Data:
--- START ---
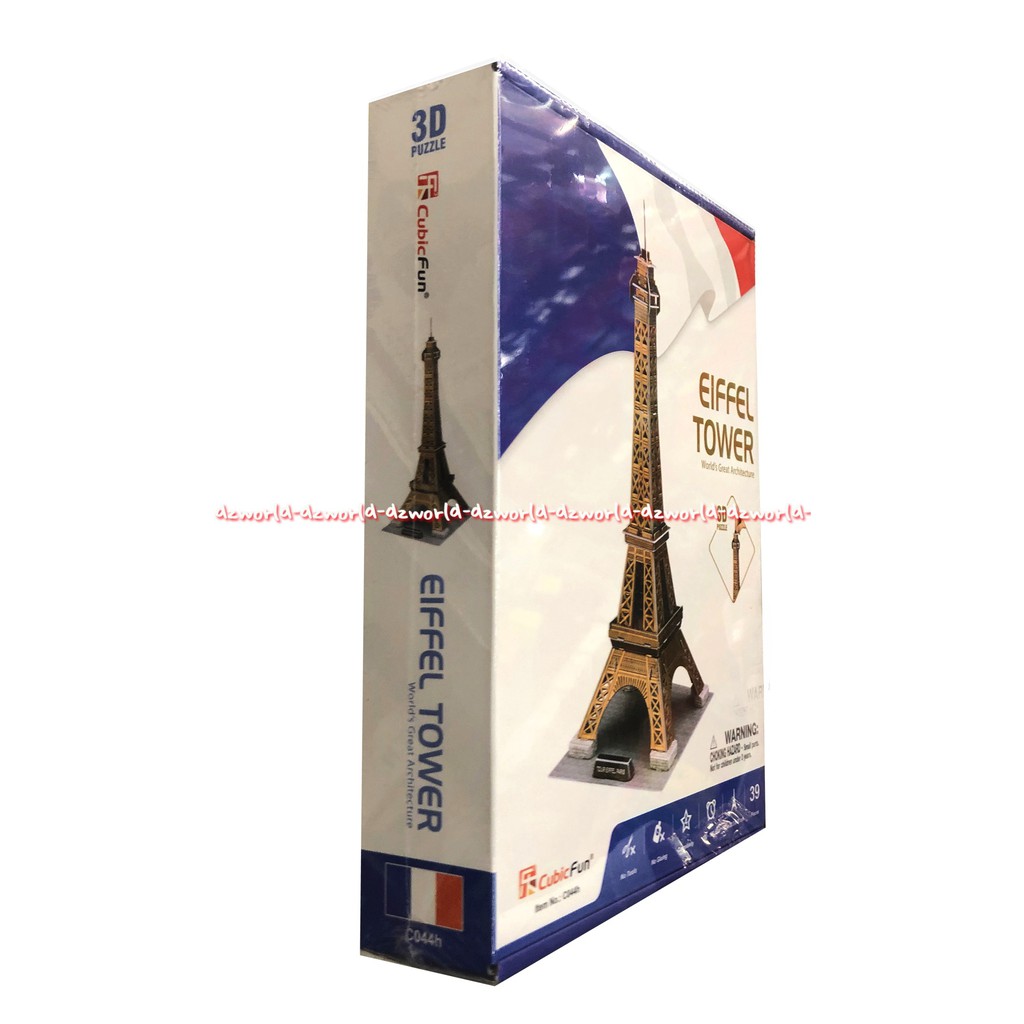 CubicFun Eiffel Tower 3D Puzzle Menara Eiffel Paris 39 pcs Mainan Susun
--- END ---
--- START ---
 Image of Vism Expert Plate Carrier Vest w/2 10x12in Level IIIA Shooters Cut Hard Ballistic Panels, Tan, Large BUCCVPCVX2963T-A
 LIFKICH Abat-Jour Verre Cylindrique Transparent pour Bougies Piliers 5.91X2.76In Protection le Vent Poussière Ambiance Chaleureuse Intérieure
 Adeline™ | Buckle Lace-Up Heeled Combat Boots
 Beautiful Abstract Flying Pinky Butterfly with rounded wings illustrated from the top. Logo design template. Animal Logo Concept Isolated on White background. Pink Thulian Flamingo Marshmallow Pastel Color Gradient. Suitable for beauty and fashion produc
--- END ---
Exercise description:
In the listing above, start at the line with "Image of Vism", go on through the line with "Beautiful Abstract Flying", and copy each of those lines exactly; leave out all the rest.

Completed task:
 Image of Vism Expert Plate Carrier Vest w/2 10x12in Level IIIA Shooters Cut Hard Ballistic Panels, Tan, Large BUCCVPCVX2963T-A
 LIFKICH Abat-Jour Verre Cylindrique Transparent pour Bougies Piliers 5.91X2.76In Protection le Vent Poussière Ambiance Chaleureuse Intérieure
 Adeline™ | Buckle Lace-Up Heeled Combat Boots
 Beautiful Abstract Flying Pinky Butterfly with rounded wings illustrated from the top. Logo design template. Animal Logo Concept Isolated on White background. Pink Thulian Flamingo Marshmallow Pastel Color Gradient. Suitable for beauty and fashion produc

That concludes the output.